Investment may flourish again in Japan as value-hunters return to a market that is slowly rebounding after the March earthquake, but only if the country can break the political impasse that is blocking policies to deal with its nuclear disaster and massive public debt.
Investors are eyeing companies with global exposure that have become cheap after a post-quake market rout and proved resilient despite damage to their supply chains and production capacity, which are now coming back online faster than even the most bullish expectations.
Overseas players have pumped 5.0 trillion yen ($62 billion) into Japanese stocks in a record-long buying streak since November and a record 893 billion yen in the week after the March 11 quake, betting the current recession will be followed by a sharp recovery.
At the Reuters Rebuilding Japan Summit on June 20-22, leading corporate executives, investors and policymakers will discuss how to tackle the litany of challenges facing the country and achieve a sustained recovery.
“Japan stocks are very cheap.

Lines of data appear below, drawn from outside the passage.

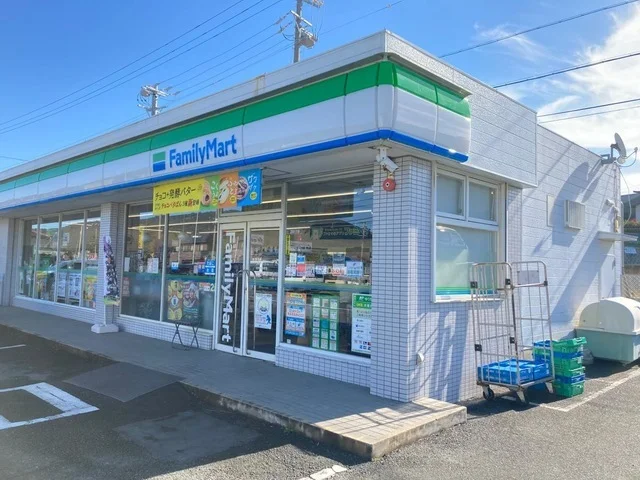 ファミリーマートまで750m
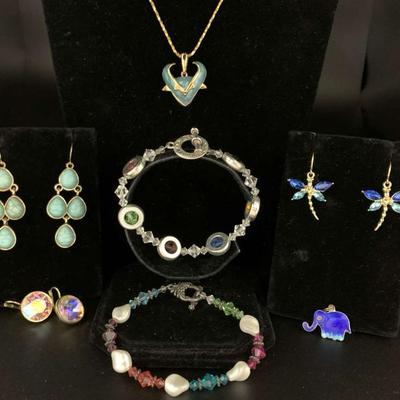 Ct229 collecting color costume jewelry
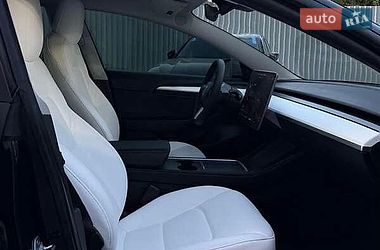 Седан Tesla Model 3 2021 в Львові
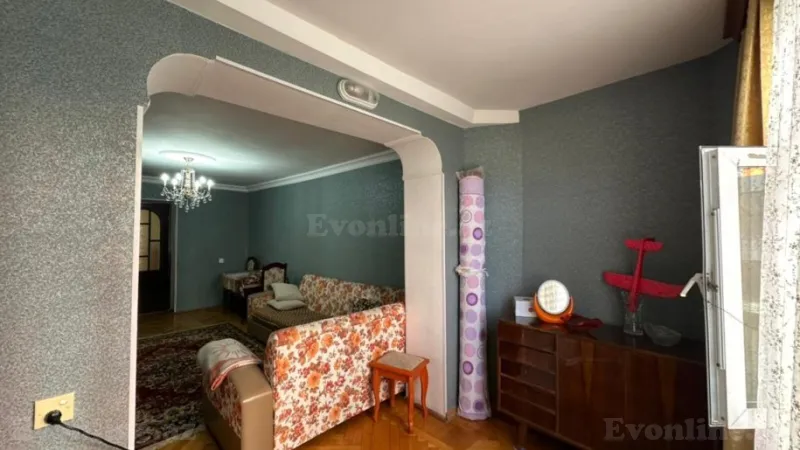 Satılır 3 otaqlı Mənzil Köhnə tikili 70 m² Yasamal - şəkil 4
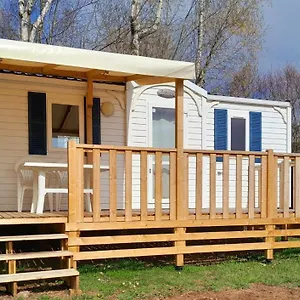 https://mobil-home-au-bord-du-lac.midi-pyreneeshotels.com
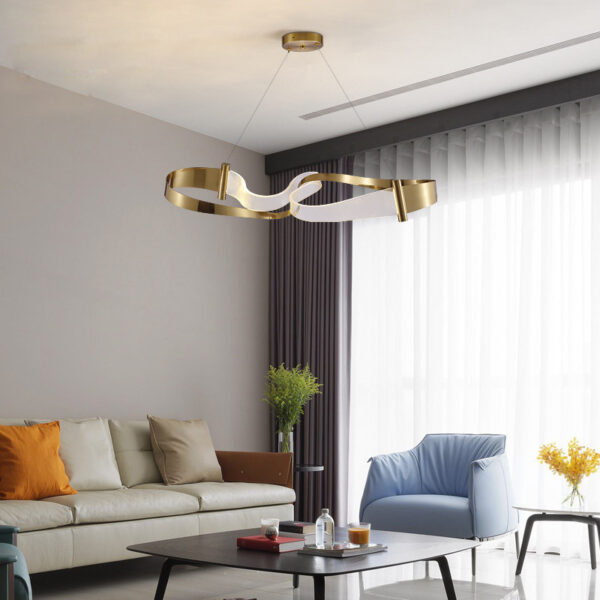 Creative Streamer Chandelier - Image 4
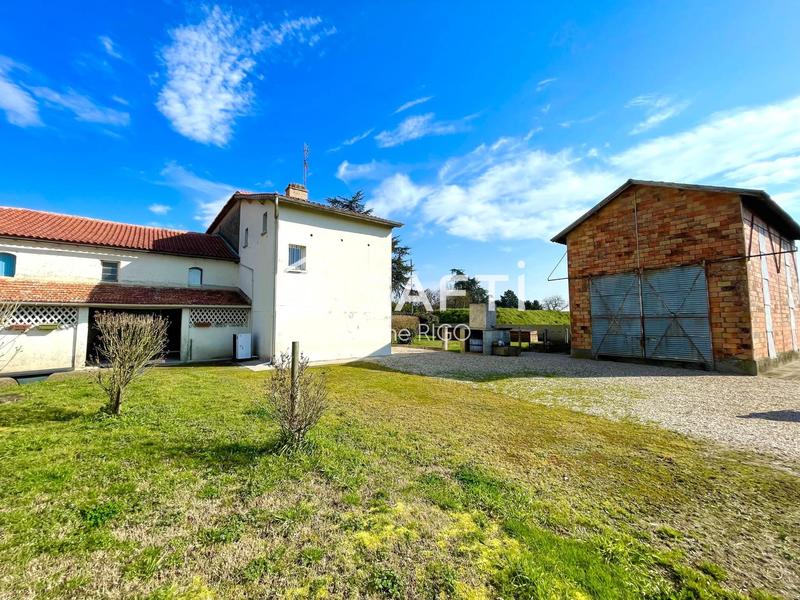 Maison - 220 m² - 8 pièces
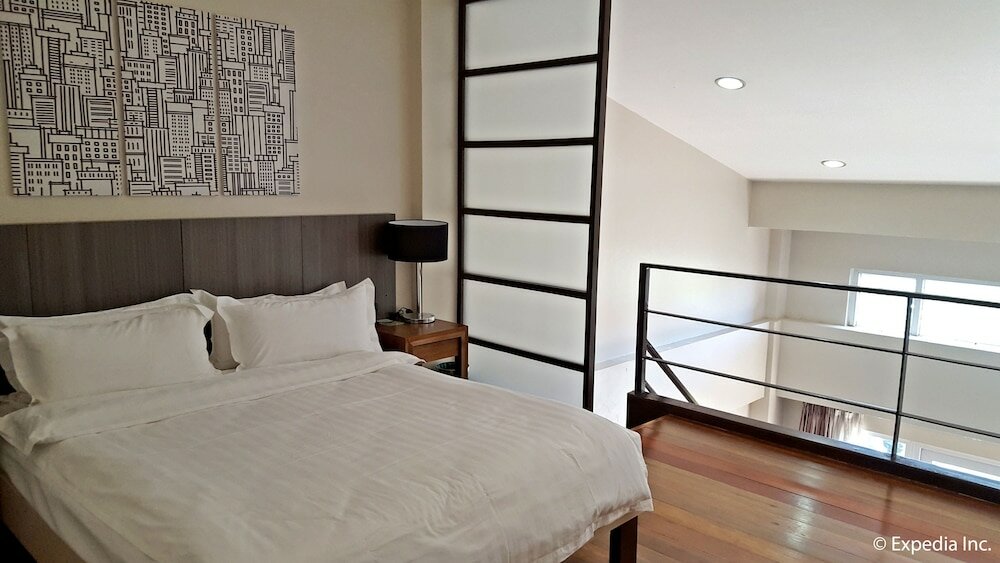 Фото Newtown Plaza Hotel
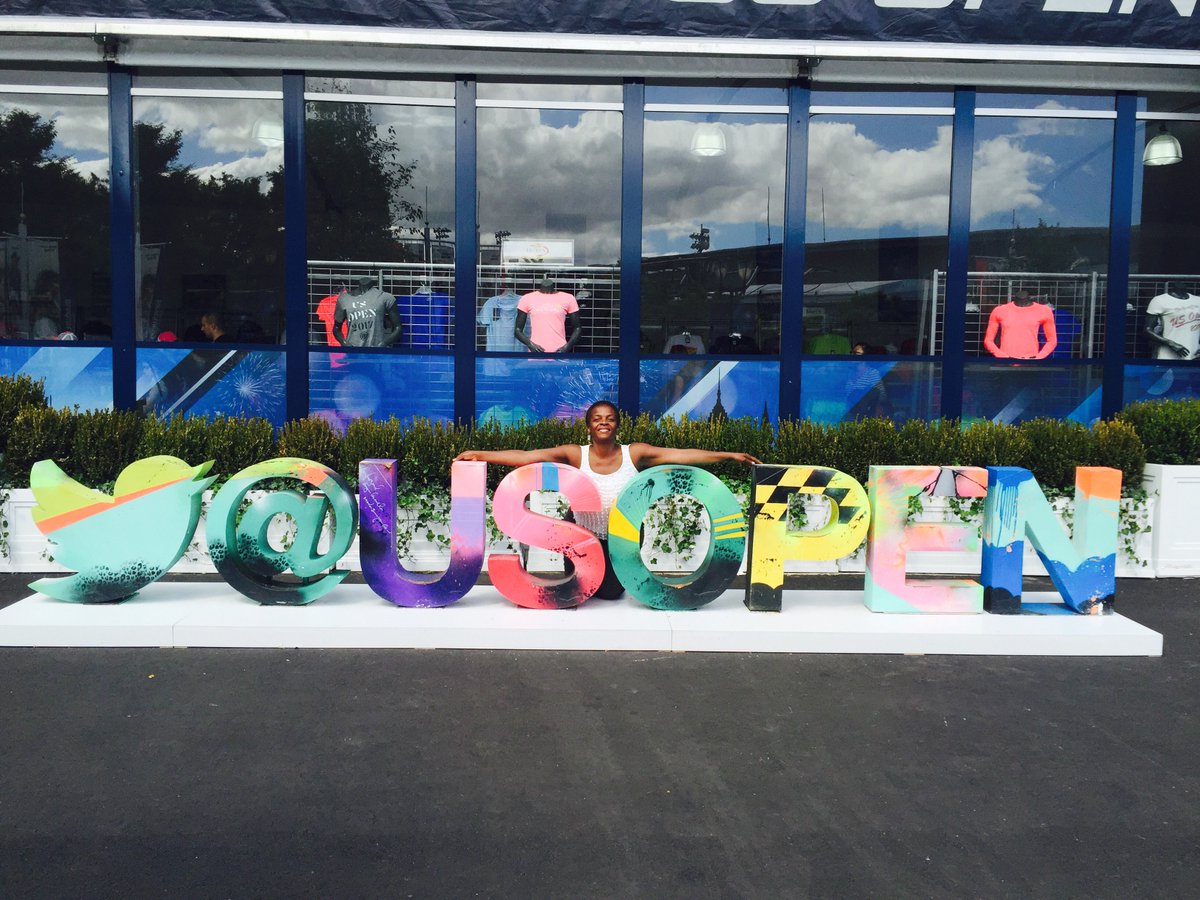 cherylspencern's tweet photo. @usopen I love tennis this much #usopen https://t.co/MlcpIvEWzF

Even though there’s a lot of uncertainty going forward, we see indications that manufacturing is coming back to normal and we may see a ‘V’ shape recovery,” said Jonathan Allum, equity strategist at Mizuho International in London.
Still, with the Federal Reserve’s $600 billion bond buying program ending this month, deepening euro zone debt woes and further tightening in fast-growing markets, foreigners’ buying has waned recently, underscoring the urgency with which Japan needs to address policy challenges to make itself attractive again.
Manufacturers face a grave risk of massive power shortages as nuclear reactors are gradually shut under intense public pressure after meltdowns at the quake-hit Fukushima nuclear plant, and as Japan’s divided lawmakers struggle to overhaul energy policies. More importantly, Japan’s biggest rebuilding effort since the post World War Two period may be seriously hampered as politicians wrangle over who should foot the bill for the worst nuclear disaster in 25 years. “Until the equity market has got some sort of basic idea that this is the bill, this is the way it’s going to be shared, and these are the implications for individual companies, it’s very difficult for anyone to place any aggressive bets,” said Alexander Kinmont, Japan Strategist at Morgan Stanley MUFG Securities.
“That’s particularly true for financial stocks, which are, together with utilities, in the firing line in terms of private sector burden-sharing. It’s just very difficult for the market to achieve any sort of level of basic confidence that there won’t be any unpredictable surprises,” Kinmont said.